# What is being asked:
In the data below, find the line that contains "PAR DE BARRAS" and the line that contains "Lagotto, Therapiehund Autismus". Copy both, plus every line between them, exactly.

# Source information:
-- -- --

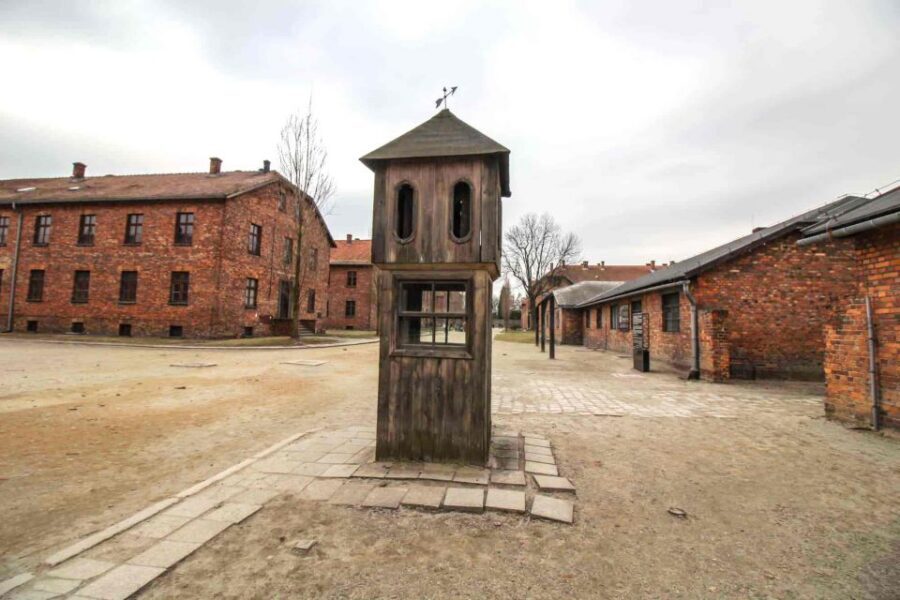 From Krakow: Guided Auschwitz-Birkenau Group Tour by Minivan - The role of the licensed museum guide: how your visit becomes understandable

-- -- --

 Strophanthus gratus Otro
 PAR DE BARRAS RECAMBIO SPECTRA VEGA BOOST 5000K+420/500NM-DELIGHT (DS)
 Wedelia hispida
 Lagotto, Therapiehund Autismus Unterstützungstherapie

-- -- --

# Response for this exercise:
 PAR DE BARRAS RECAMBIO SPECTRA VEGA BOOST 5000K+420/500NM-DELIGHT (DS)
 Wedelia hispida
 Lagotto, Therapiehund Autismus Unterstützungstherapie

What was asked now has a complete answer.